The Company is in discussion with a number of lenders to explore the provision of a credit facility. The facility, widely used by listed infrastructure funds, would enable the Company to acquire assets and then pay down the facility by the issuance of new shares following an equity raise. The Company expects to make an announcement about the facility in due course.
Bluefield Partners LLP 27 February 2014
The Company assesses the following as the principal risks relating to its operations:
If at any point the international community were to withdraw, reduce or change its support for the increased use of energy from renewable sources, including solar PV, for whatever reason, this may have a material adverse effect on the support of national or international authorities in respect of the promotion of the use of energy from renewable sources, including in respect of solar PV generation in the UK. If this reduces the value of the green benefits that solar PV power operators are entitled to it would have a material adverse effect on the Group if applied retrospectively to operating projects acquired by the Group in accordance with the investment policy.

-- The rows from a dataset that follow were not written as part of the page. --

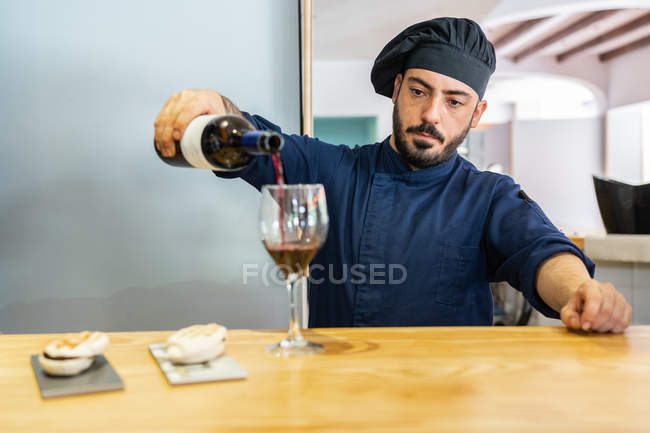 Cocinero masculino serio en uniforme azul y sombrero negro vertiendo vino tinto en vidrio mientras está de pie en el mostrador con sándwiches - foto de stock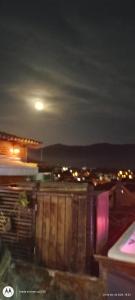 una vista de una ciudad por la noche con la luna en Suíte Verano 1,2,3 e 4 en Niterói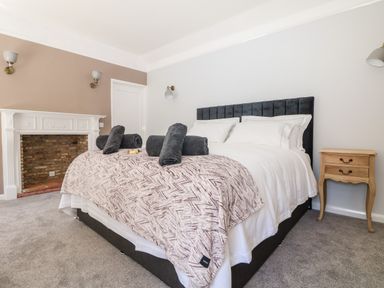 A bedroom with a bed with white sheets and grey rolled towels a wooden bedside table and a white fireplace at Culdrose Manor in Helston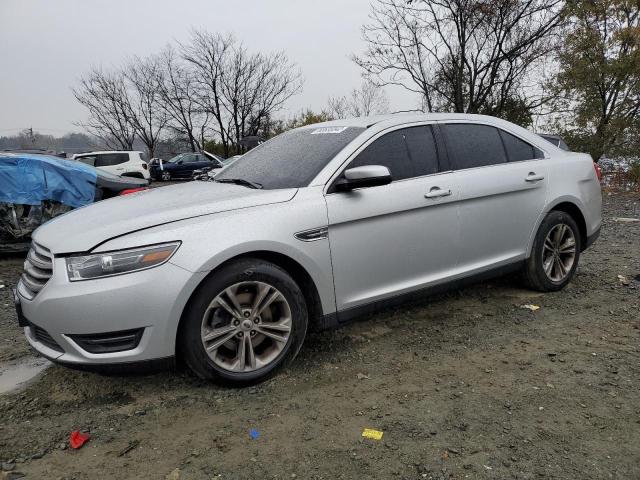 FORD TAURUS SEL 2018 with VIN 1FAHP2E86JG134969 - Photo from auction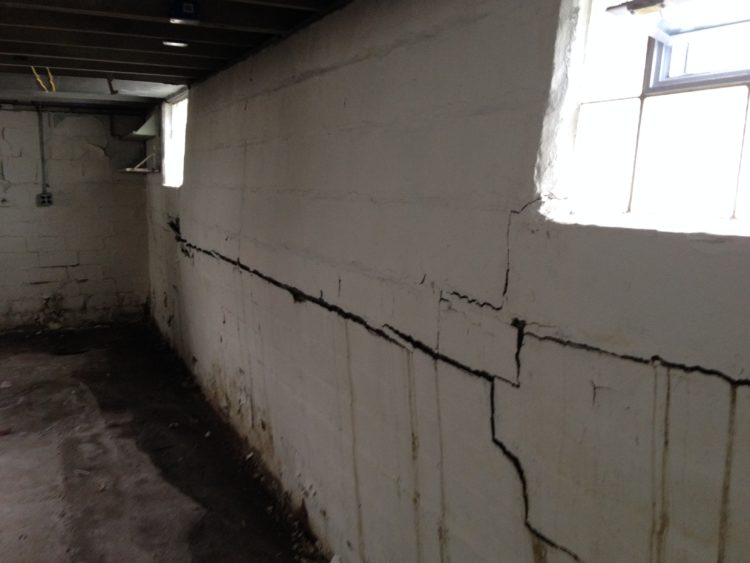 What is the proper fix for a bowing basement wall?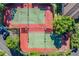 Aerial view of two new tennis courts surrounded by green hedges and trees at 820 Normandy Trace Rd, Tampa, FL 33602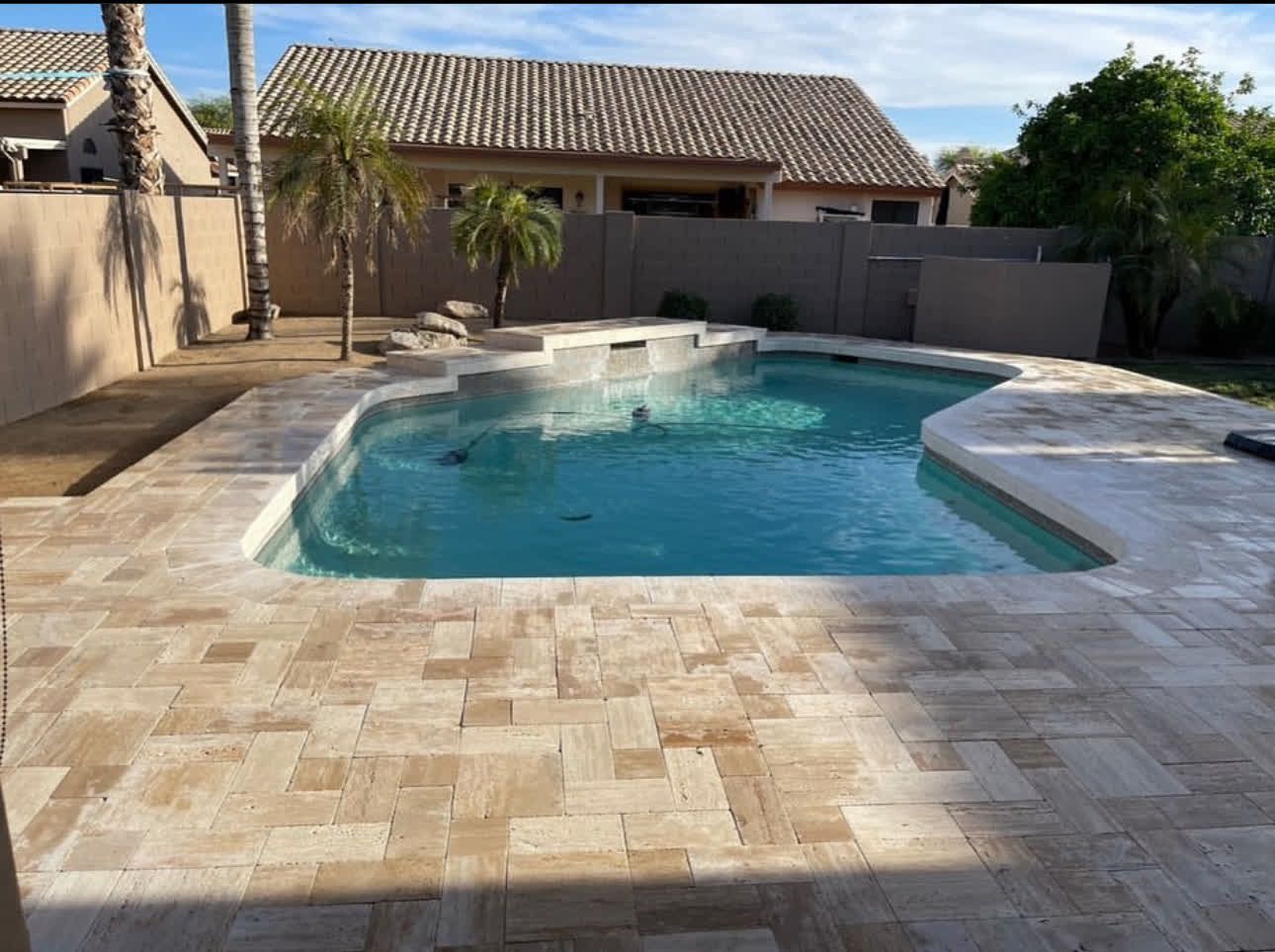 A large swimming pool in a backyard with a house in the background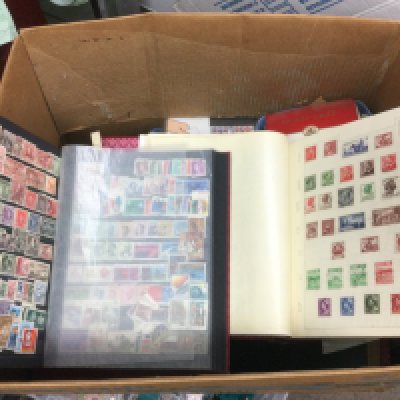 A box of mixed world stamps, loose and in binders. Shipping category D.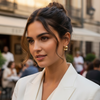Woman in a white blazer standing in an outdoor urban setting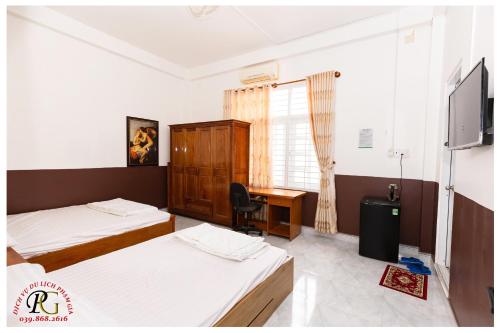 a hotel room with two beds and a desk at NHÀ NGHỈ & HOMESTAY PHẠM GIA in Vạn Ninh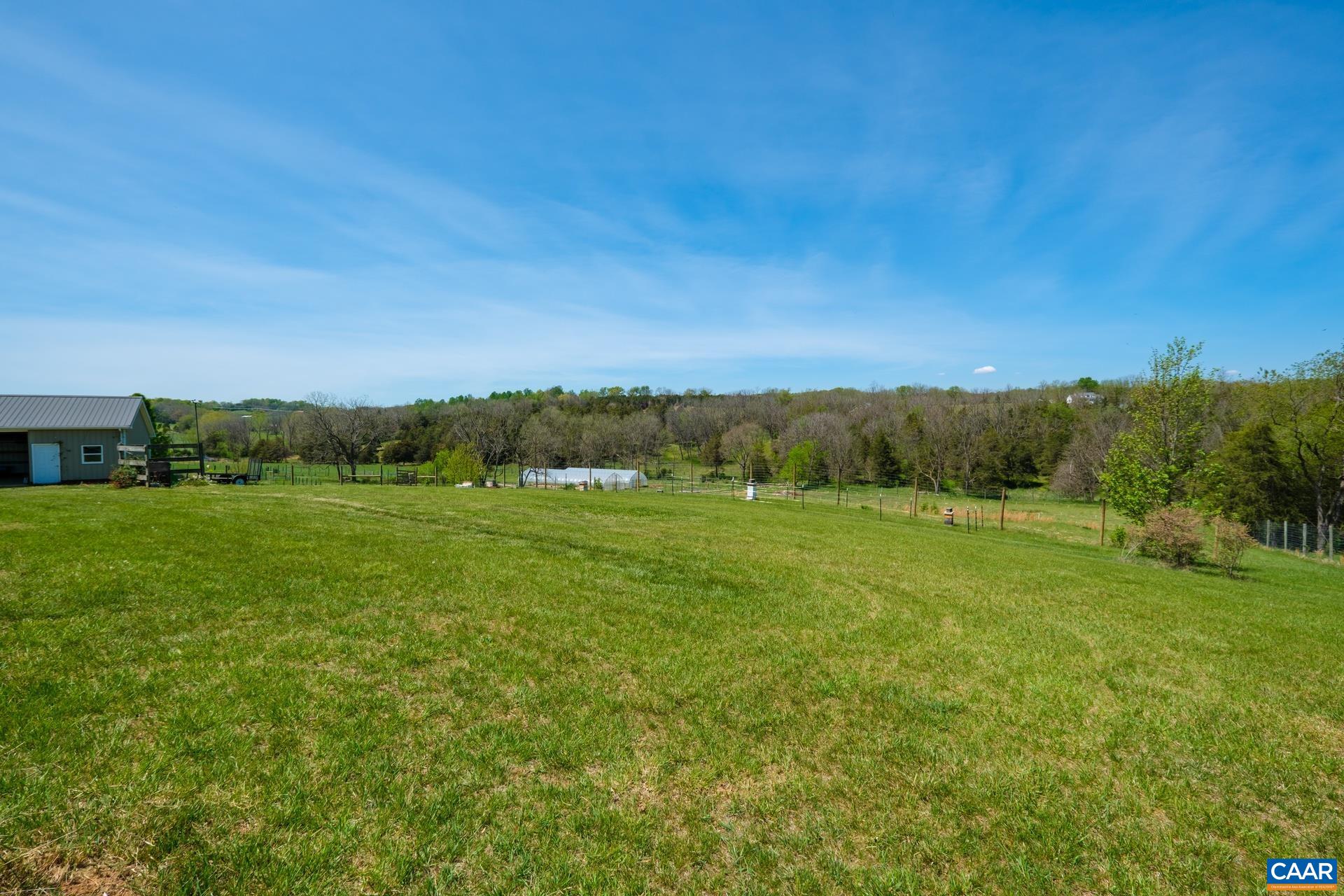 349 Todd Road Mount Sidney, VA 24467 - Photo 34 of 43 a view of a green field with wooden fence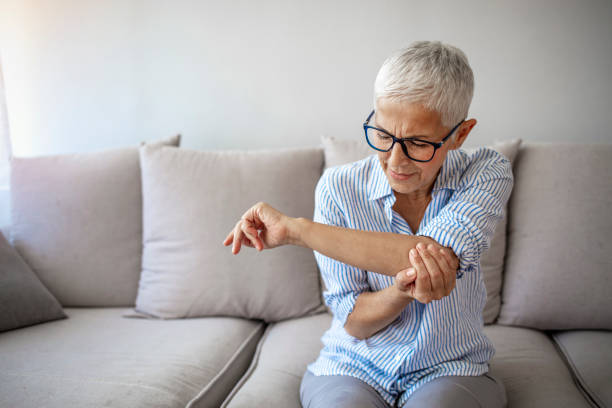 Elbow Pain In An Elderly Person.
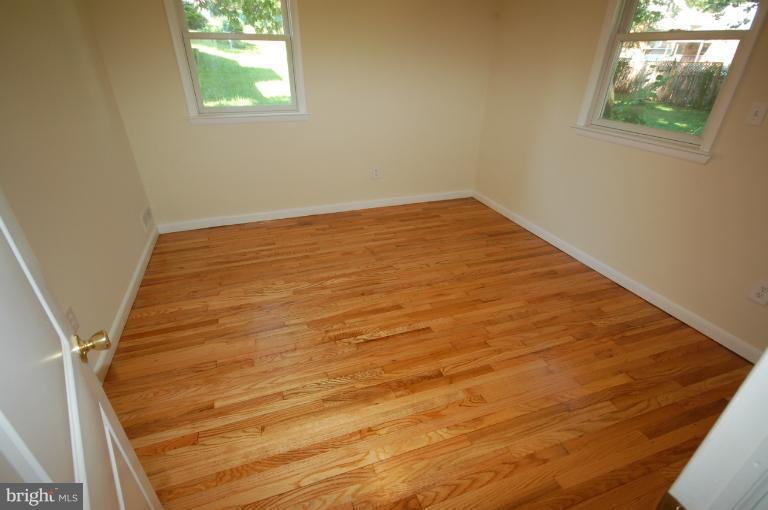 3612 Telmar Road Baltimore, MD 21207 - Photo 10 of 14 an empty room with windows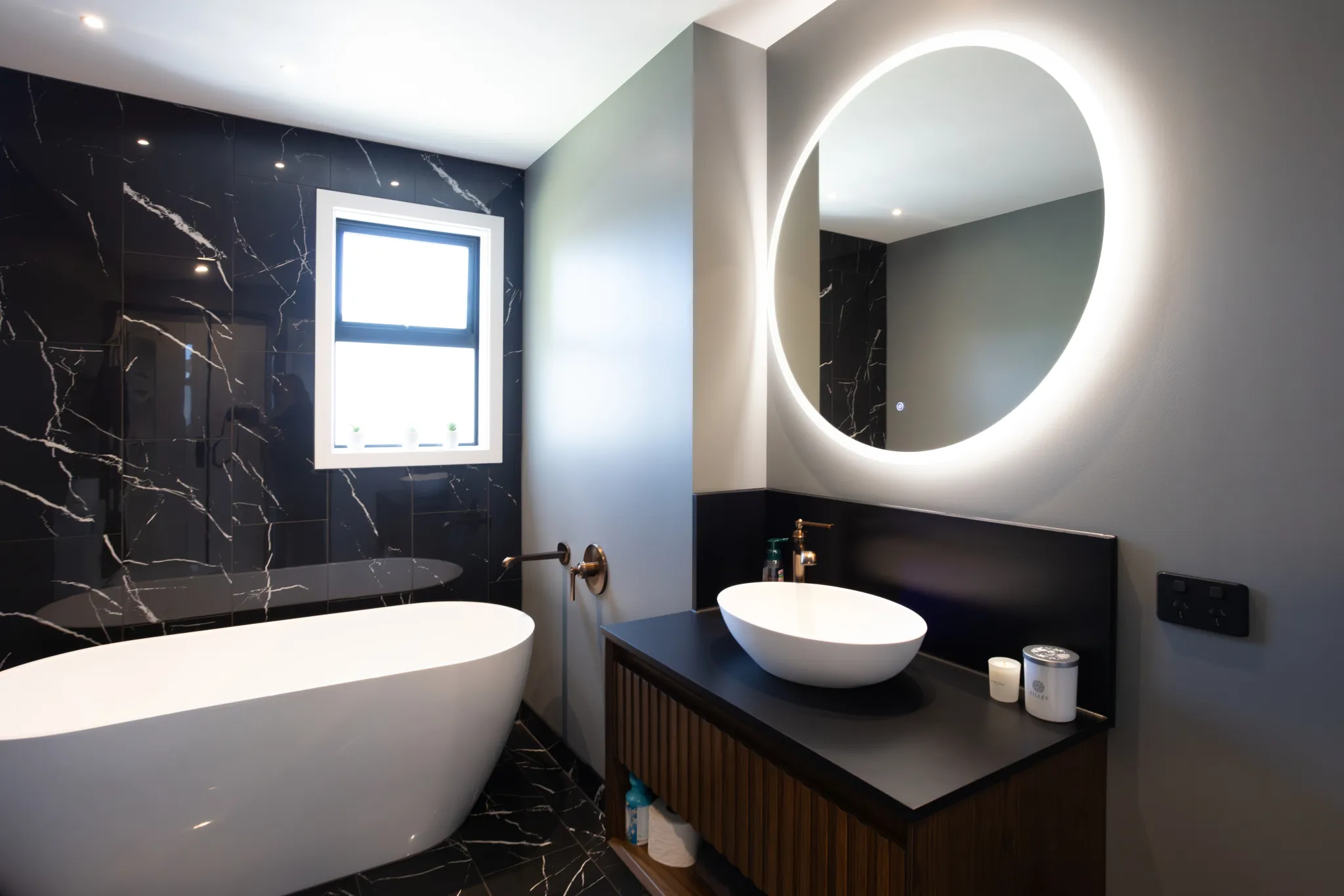 Modern bathroom with a white freestanding bathtub, black marble tiled walls, and a wall-mounted round mirror with LED backlight above a white vessel sink on a dark countertop.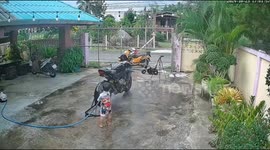 Kid inserts hose into motorcycle exhaust in Chiang Rai, Thailand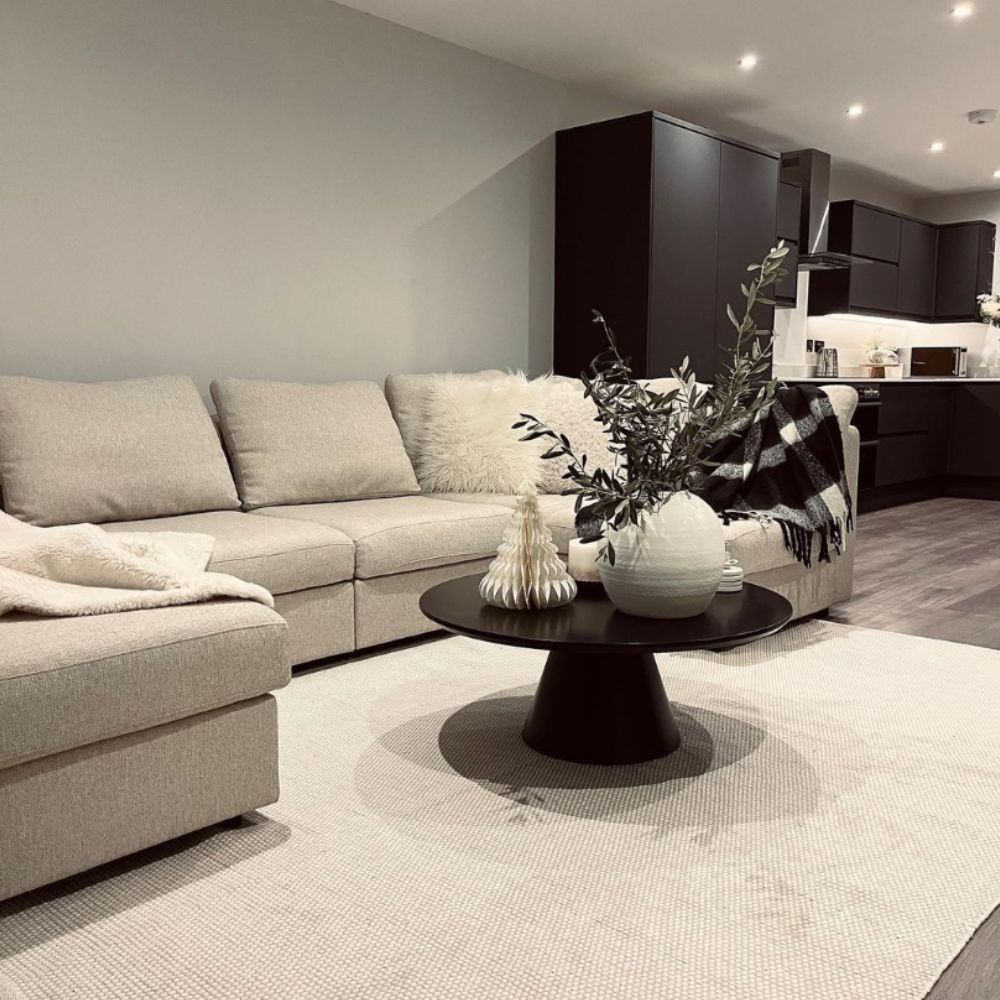 modern lopen plan living room and kitchen space with cream rug and cream sofa in foreground with black round coffee table with a large statement tapered central pillar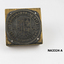 Square wooden block on which round metal plate nailed; 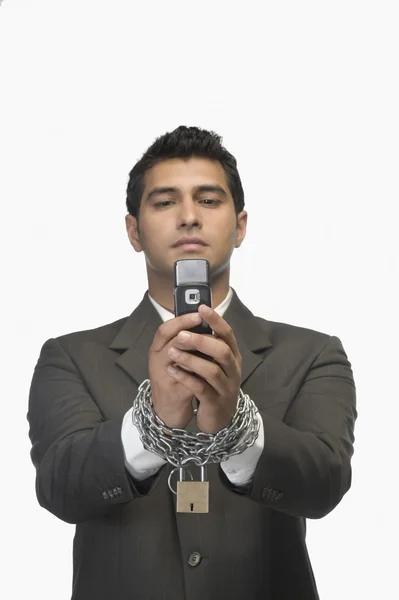 Businessman with his hands in chains — Stock Photo, Image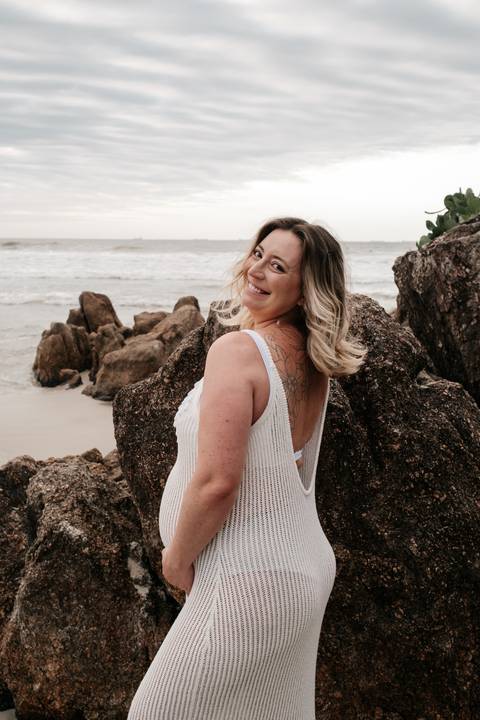 Foto da gestante olhando para trás e sorrindo, destacando o cenário rochoso.'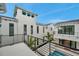 Modern white exterior featuring a balcony overlooking a pool and tropical landscaping at 6023 Cat Claw Ln, Bradenton, FL 34210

In addition, unexpected success in other areas of renewable energy (such as renewable heat) may reduce pressure on national governments to develop renewable electricity production. This may affect the Company's future investment opportunities.
As part of EMR, from 31 March 2017, the UK Government intends to close the Renewables ROCs to new accreditation. ROCs issued after a date to be specified (expected to be 1 April 2027) will be replaced with "fixed price certificates". DECC has indicated that the intention is to maintain levels and length of support for existing participants under the ROCs, but there is no guarantee that this will be the case. Further, change in law provisions may be triggered under pre-existing Power Purchase Agreements ("PPAs") as a result of EMR, giving counterparties an opportunity to re-open or even terminate some PPAs.
The current EMR grandfathers the current regime for operating projects. The Group is likely to suffer a loss if the UK were to abandon the practice of grandfathering and apply adverse retrospective changes to the levels of support for operating projects in which the Group has a financial interest which in turn, could have a material adverse effect on the Group's business, financial position, results of the operations and business prospects.
A decline in the market price of electricity could materially adversely affect the Group's revenues and financial condition. Similarly, a decline in the costs of other sources of electricity generation, such as fossil fuels or nuclear power, could reduce the wholesale price of electricity and thus the price achieved for electricity generated by solar PV parks.
Solar PV assets and plants rely upon adequate solar radiation as "feedstock" for the purposes of producing power. Although there is statistical evidence that variance in annual solar radiation is relatively low compared to other renewable energy sources such as wind, it is possible that temporary or semipermanent or permanent changes in weather patterns, including as a result of global warning or for any other reason, could affect the amount of solar radiation received annually or during any shorter or longer period of time in locations where the Group's solar PV assets may be located. Such changes could lead to a reduction in the electricity generated which would have a material adverse effect on the Group's business, financial position, results of the operations and business prospects. Such changes, perceived or otherwise, could also make solar PV less attractive as an investment opportunity and so impair the Company's potential returns which could have a material adverse effect on the Group's business, financial position, results of the operations and business prospects.
The Company expects to rely on third-party professionals and independent contractors and other companies to provide the required construction and operational and maintenance support services throughout the construction and operating phase of the solar PV assets in the Group's investment portfolio. If such contracted parties are not able to fulfil their contractual obligations, the Group may be forced to seek recourse against such parties, provide additional resources to complete their work, or to engage other companies to complete their work. Any such legal action or financial difficulty, breach of contract or delay in services by these third-party professionals and independent contractors could have a material adverse effect on the Group's business, financial condition and results of operations.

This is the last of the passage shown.